**YOUR OBJECTIVE:** Find the line with "4W Solar Panel" in the entries below, then reproduce it and every line after it down to and including the line with "Hazır Al Hızlı", exactly.

**DATASET RECORDS:**

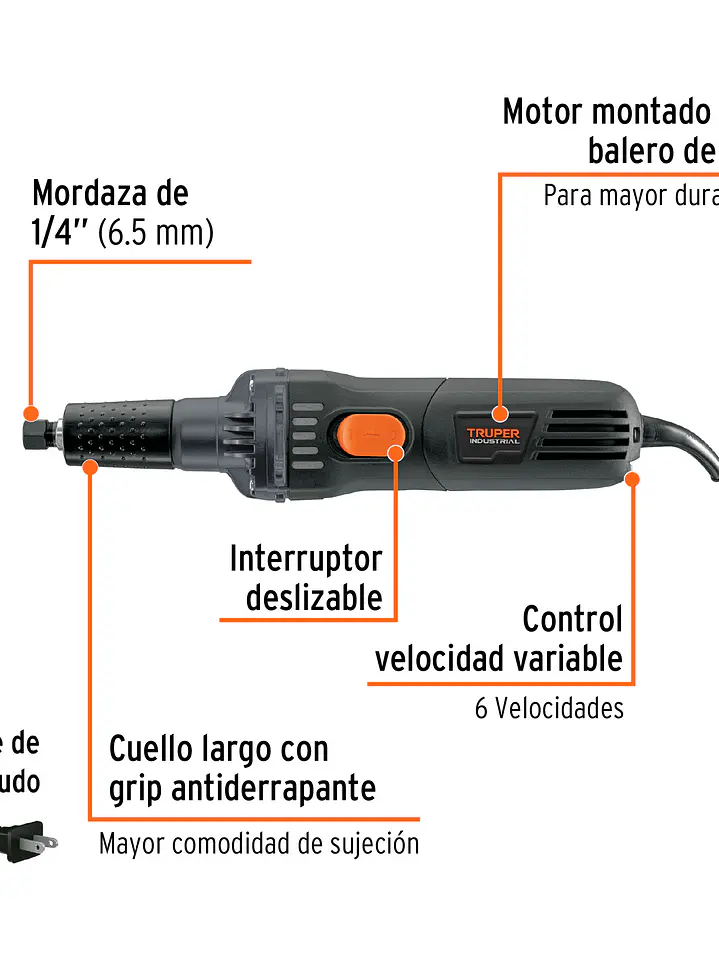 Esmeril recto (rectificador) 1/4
--
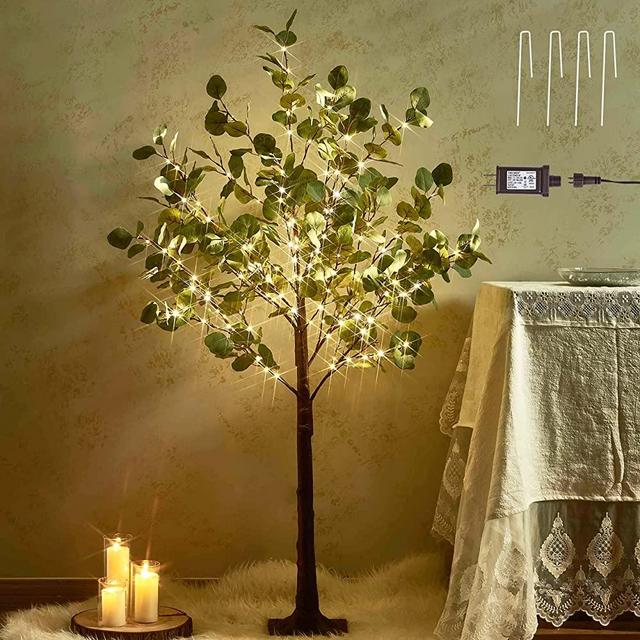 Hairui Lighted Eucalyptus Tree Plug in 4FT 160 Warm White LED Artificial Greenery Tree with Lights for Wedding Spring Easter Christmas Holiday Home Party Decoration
* * *
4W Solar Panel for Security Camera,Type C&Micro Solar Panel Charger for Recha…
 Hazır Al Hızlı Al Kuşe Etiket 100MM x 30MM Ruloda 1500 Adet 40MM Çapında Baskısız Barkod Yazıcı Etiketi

**YOUR SOLUTION:**
4W Solar Panel for Security Camera,Type C&Micro Solar Panel Charger for Recha…
 Hazır Al Hızlı Al Kuşe Etiket 100MM x 30MM Ruloda 1500 Adet 40MM Çapında Baskısız Barkod Yazıcı Etiketi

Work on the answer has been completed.